Submitted to: Journal of Chemical Ecology
Publication Type: Peer Reviewed Journal
Publication Acceptance Date: 5/28/2008
Publication Date: 6/27/2008
Citation: Wu, J., Liu, X., Zhang, S., Zhu, Y., Whitworth, R., Chen, M. 2008. Differential Responses of Wheat Inhibitor-Like Genes to Hessian Fly (Mayetiola destructor) Attacks during Compatible and Incompatible Interactions. Journal of Chemical Ecology.34:1005-1012. Interpretive Summary: The Hessian fly (Mayetiola destructor) is one of the most destructive insects of wheat. The insect is currently controlled by host plant resistance. The challenge for the host plant resistance strategy is that resistance conferred by resistance genes is short lived, often lasting for about 6 to 8 years. Therefore, new strategies for durability should be explored. This paper characterized a group of inhibitor-like genes that were strongly suppressed in susceptible plants and were induced in resistant plants.
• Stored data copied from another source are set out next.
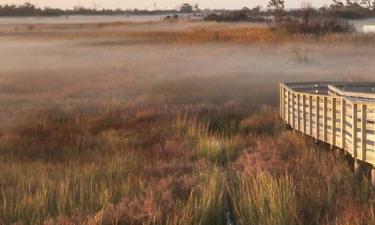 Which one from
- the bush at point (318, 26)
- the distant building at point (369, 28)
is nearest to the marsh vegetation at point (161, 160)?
the bush at point (318, 26)

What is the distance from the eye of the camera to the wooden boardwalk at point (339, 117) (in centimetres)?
1462

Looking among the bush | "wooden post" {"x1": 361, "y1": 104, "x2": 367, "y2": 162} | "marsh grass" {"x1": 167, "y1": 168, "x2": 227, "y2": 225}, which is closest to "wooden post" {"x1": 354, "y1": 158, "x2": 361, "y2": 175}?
"wooden post" {"x1": 361, "y1": 104, "x2": 367, "y2": 162}

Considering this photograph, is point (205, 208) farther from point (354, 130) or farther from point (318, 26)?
point (318, 26)

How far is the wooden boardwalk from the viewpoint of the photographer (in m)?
14.6

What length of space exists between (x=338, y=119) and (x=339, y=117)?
45 centimetres

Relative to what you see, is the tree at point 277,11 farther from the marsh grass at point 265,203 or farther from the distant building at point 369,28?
the marsh grass at point 265,203

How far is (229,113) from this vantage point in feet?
87.9

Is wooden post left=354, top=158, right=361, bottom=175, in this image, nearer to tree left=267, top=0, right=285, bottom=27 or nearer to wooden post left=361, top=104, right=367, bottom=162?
wooden post left=361, top=104, right=367, bottom=162

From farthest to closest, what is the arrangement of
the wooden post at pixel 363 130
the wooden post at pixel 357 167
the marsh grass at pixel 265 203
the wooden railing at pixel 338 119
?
1. the wooden post at pixel 357 167
2. the wooden railing at pixel 338 119
3. the wooden post at pixel 363 130
4. the marsh grass at pixel 265 203

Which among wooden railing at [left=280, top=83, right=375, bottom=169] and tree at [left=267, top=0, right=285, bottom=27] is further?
tree at [left=267, top=0, right=285, bottom=27]

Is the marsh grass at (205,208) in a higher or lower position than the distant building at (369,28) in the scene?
lower

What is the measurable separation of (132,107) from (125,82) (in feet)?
50.1

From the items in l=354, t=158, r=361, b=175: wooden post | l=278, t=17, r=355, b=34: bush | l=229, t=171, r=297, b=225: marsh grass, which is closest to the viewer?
l=229, t=171, r=297, b=225: marsh grass

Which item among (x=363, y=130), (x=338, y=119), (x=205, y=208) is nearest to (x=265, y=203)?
(x=205, y=208) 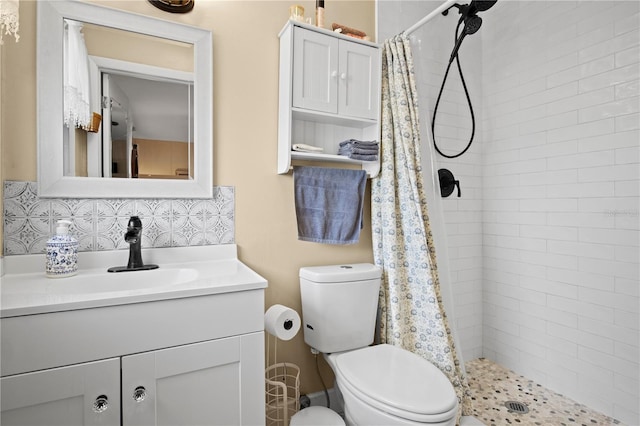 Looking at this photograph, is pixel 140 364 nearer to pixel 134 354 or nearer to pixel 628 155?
pixel 134 354

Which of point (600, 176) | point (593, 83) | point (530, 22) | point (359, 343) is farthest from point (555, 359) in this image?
point (530, 22)

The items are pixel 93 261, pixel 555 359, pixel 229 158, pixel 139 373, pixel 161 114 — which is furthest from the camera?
pixel 555 359

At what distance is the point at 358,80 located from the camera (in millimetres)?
1835

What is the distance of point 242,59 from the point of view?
67.4 inches

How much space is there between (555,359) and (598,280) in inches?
22.8

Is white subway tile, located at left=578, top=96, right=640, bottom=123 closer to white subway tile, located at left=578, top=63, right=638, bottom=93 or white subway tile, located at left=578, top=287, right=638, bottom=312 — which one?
white subway tile, located at left=578, top=63, right=638, bottom=93

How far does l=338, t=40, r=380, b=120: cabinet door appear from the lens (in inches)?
70.5

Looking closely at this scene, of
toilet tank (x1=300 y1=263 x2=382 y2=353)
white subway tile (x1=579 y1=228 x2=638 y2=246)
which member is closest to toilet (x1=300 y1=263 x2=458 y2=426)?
toilet tank (x1=300 y1=263 x2=382 y2=353)

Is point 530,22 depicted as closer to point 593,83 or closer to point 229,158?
point 593,83

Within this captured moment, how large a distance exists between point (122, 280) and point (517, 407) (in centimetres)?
221

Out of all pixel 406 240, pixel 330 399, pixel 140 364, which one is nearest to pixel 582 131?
pixel 406 240

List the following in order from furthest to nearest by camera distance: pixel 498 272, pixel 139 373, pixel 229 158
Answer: pixel 498 272
pixel 229 158
pixel 139 373

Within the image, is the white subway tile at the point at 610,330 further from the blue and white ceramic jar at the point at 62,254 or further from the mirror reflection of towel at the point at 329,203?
the blue and white ceramic jar at the point at 62,254

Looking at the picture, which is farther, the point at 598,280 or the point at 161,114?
the point at 598,280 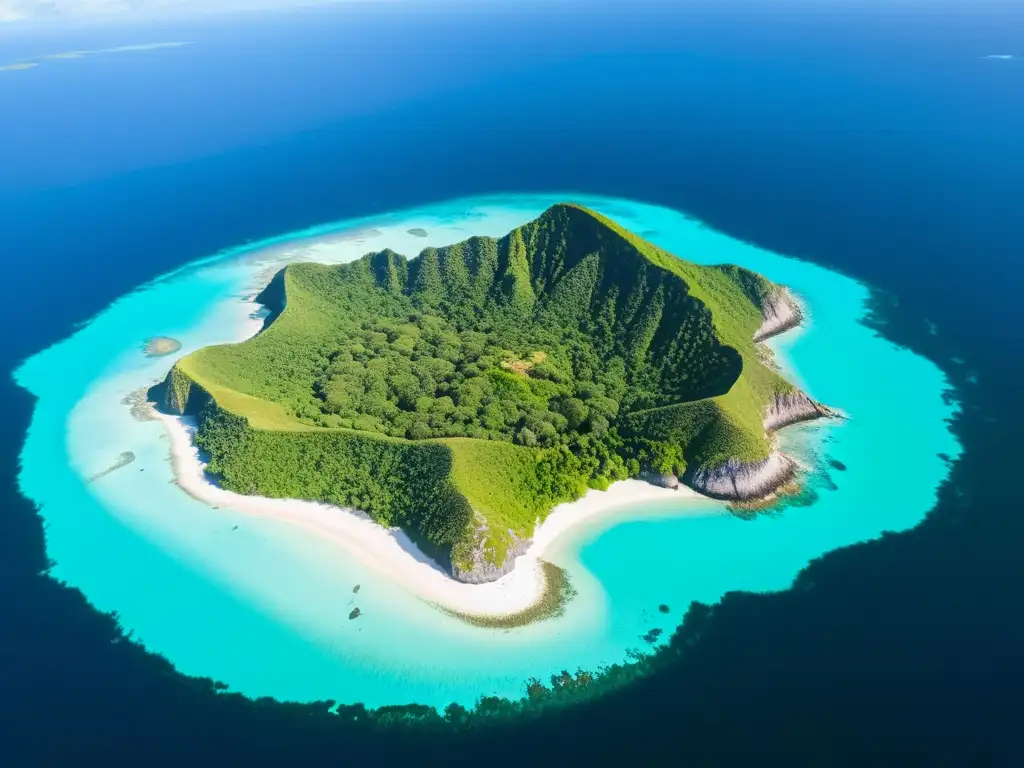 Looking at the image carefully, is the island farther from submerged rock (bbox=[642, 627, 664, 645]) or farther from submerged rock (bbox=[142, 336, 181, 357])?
submerged rock (bbox=[142, 336, 181, 357])

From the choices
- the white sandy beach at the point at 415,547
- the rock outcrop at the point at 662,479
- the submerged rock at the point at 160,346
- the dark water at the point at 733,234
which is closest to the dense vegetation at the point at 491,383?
the rock outcrop at the point at 662,479

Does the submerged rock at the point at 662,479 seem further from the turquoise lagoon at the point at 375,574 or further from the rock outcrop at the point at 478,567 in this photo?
the rock outcrop at the point at 478,567

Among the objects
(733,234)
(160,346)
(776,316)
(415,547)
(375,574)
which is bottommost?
(375,574)

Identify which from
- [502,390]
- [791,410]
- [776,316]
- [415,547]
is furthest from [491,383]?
[776,316]

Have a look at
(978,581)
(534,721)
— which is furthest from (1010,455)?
(534,721)

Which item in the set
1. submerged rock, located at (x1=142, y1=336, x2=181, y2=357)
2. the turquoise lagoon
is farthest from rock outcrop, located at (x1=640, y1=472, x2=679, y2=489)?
submerged rock, located at (x1=142, y1=336, x2=181, y2=357)

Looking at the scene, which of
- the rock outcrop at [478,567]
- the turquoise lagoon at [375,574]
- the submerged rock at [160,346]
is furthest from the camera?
the submerged rock at [160,346]

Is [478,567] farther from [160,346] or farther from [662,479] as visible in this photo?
[160,346] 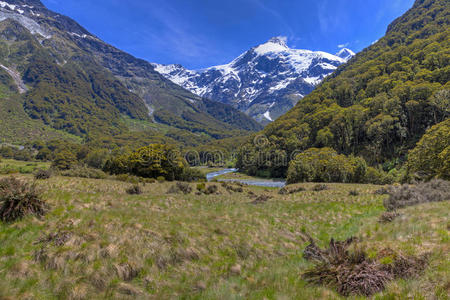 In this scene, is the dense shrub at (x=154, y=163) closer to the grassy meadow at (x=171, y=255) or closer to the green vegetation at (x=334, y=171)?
the green vegetation at (x=334, y=171)

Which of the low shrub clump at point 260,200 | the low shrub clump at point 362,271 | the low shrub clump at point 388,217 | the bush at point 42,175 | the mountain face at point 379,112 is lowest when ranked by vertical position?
the low shrub clump at point 260,200

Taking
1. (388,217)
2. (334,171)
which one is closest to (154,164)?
(334,171)

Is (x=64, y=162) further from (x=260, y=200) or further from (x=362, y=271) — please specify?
(x=362, y=271)

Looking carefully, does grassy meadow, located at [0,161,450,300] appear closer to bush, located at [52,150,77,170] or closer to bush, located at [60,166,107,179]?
bush, located at [60,166,107,179]

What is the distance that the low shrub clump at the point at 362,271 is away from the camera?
18.6 ft

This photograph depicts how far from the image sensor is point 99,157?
5157 inches

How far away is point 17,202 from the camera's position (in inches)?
370

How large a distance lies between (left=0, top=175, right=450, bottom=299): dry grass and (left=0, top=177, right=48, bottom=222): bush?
15.0 inches

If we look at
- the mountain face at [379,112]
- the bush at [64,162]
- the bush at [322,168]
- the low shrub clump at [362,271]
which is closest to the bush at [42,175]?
the low shrub clump at [362,271]

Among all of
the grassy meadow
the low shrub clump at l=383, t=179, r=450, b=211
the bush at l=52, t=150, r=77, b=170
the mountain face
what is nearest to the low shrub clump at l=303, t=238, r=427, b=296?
the grassy meadow

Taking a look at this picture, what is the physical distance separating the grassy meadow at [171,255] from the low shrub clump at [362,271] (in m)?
0.27

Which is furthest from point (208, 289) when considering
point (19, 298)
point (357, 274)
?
point (19, 298)

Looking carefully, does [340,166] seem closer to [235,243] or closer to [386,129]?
[386,129]

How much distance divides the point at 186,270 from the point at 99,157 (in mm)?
142537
This observation suggests that the inhibitor-like genes may help the wheat to fight Hessian fly damage. Further research may lead to durable resistant cultivars that can effectively control this insect pest.
Technical Abstract: Four groups of inhibitor-like genes encoding proteins with diverse structures were identified from wheat. The majority of these genes were up-regulated by avirulent Hessian fly (Mayetiola destructor) larvae during incompatible interactions, and were down-regulated by virulent larvae during compatible interactions. The upregulation during incompatible interactions and downregulation during compatible interactions resulted in 4 to 30 fold differences between the expression levels in resistant plants and those in susceptible plants. The increased expression of inhibitor-like genes during incompatible interactions suggested that these genes are part of defense mechanisms in wheat against Hessian fly attacks, whereas the downregulation of these genes during compatible interactions suggested that virulent larvae can suppress plant defenses. Both the upregulation of the inhibitor-like genes during incompatible interactions by avirulent larvae and the downregulation during compatible interactions by virulent larvae were through mechanisms that were independent of the wound response pathway.